While reading the quasi independent Stars & Stripes publication tonight, I thought a story from Iraq with a very loose connection to funnyman Dave Chappelle might give a chuckle or two. It did, but not because of anything to do with the comedian.

No, what made me laugh was this passage, emphasis added:

Chappelle has a connection to Iraq thanks to Maj. Mondrey McLaurin, the U.S. Military Transition Team (MiTT) adviser for the 9th Iraqi Division’s Logistics and Administration Battalion.

McLaurin and his team of nine soldiers advise one of the three logistics battalions currently in the Iraqi army.

The big problem facing the battalion, McLaurin said, is that “requisition and documentation is throwing everything off.

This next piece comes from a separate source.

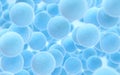 Large groups of streptococcus with blue background, 3d rendering Royalty Free Stock Photo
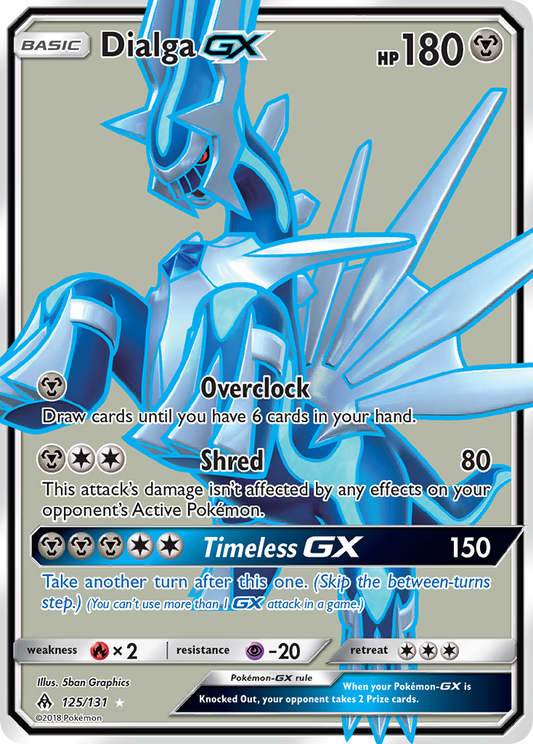 Dialga-GX - 125/131 Forbidden Light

We think we know the plan to get requests from battalion to brigade to division,” but as soon as they try the system, someone tells them the system works differently, he said.

Since the Iraqi logistics system isn’t computerized, everything has to be requested using a standard paper form McLaurin calls a “101,” which lists the item, its price and the number requested.

That’s where Chappelle comes in.

The Iraqis were having some issues filling out and keeping track of the 101 forms.
At the same time, the MiTT soldiers had accidentally received an order of 100 boxes of yellow, instead of white, printer paper.


Oh, just an eff-ing great war, Mr. George W. Bush, and the execution of it, too!

Almost four years into the Iraq quagmire, and with no end in sight to the insurgents' civil war and attacks on US troops, and after billions and billions of America taxpayer dollars have been poured into the sand traps of Iraq, the world's sole superpower, one with limitless computer, web and information resources, and several industries to deal with logistics systems, Bush and his military operation are unable to provide a computerized logistics system to an Iraqi battalion.

Gee, it gives me great comfort to know at this point that the Iraqi armed forces we are training, arming and equipping is back in the dead trees era. Maybe I should relish the idea that at least they're not in the stone age, having to chisel requests into granite. Not!

One more reason to laugh: Bush, like a village idiot shoveling good money after bad into a bottomless hole, is requesting billions more for his Iraq war.